Rosh Hashanah in Filler home, 1988. Image courtesy of Lilly Stern Filler.

Rosh Hashanah in Filler home, 1988. Image courtesy of Lilly Stern Filler.

Recipe of Creplach (makes about 70-75): As recited by Jadzia Stern during High Holy Days and typed by Linda Cherry Stern

  • 5lbs all purpose flour

  • 4lbs hamburger meat

  • 2lbs onion

Water has to be boiling so they don't stick to the bottom. You will need to change water after boiling around 20-30 creplach because they will start to stick.

Dough

  • 1 egg

  • 1/4 tsp salt

  • 2 tbsp. water

  • 1 cup flour

Beat egg, add salt and water. Add flour gradually and knead to a smooth loaf until it does not stick to the hand. Cut in half and roll out into a round or square. Cut into 4 strips down and across.

Filling

Use chopped meat - any leftover cooked roast that has been chopped very finely. For about 1.5-2 pounds of meant, add: 1-2 eggs to hold hold together, 1.5 tsp. salt, .5 tsp. pepper.

Saute the onions in schmaltz (rendered chicken fat) until clear before mixing with the meat

Fill squares and fold 3 cornered.

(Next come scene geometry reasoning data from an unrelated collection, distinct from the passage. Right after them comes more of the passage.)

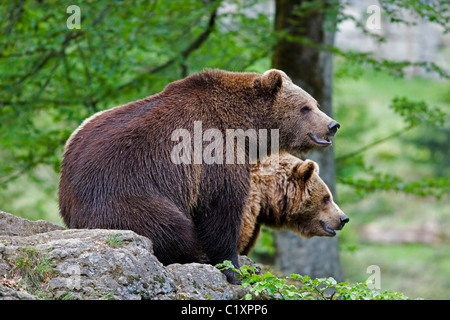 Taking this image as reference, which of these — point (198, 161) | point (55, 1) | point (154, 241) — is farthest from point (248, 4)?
point (154, 241)

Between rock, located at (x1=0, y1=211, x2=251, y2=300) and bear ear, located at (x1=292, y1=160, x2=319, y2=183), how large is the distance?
8.07ft

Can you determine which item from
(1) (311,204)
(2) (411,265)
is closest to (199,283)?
(1) (311,204)

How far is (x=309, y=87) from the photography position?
10.3m

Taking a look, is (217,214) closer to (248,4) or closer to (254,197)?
(254,197)

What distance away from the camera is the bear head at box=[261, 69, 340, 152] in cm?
618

Pinch together and close. Bring point up together to form like a cup. Boil large pot of water with a little salt added to water and drop creplach in and cook for 15 minutes or until they float to the top. This makes 30 and will fit into a large white enamel soup pot. To bake - 350 degrees, brush with chicken fat until light brown.

Recipe of Kneidalach (Matzo Balls)

Because of the enormous time spent making the Creplach, occasionally Kneidalach (matzo balls) were made.  The discussion among many (not the Stern family) was “what is the correct texture of Kneidalach”?  Were they to be soft or hard, fluffy or firm, small or large, from a box or “homemade”?  The debate continues today.  Jadzia’s matzo balls were homemade, firm and large, no debate there!!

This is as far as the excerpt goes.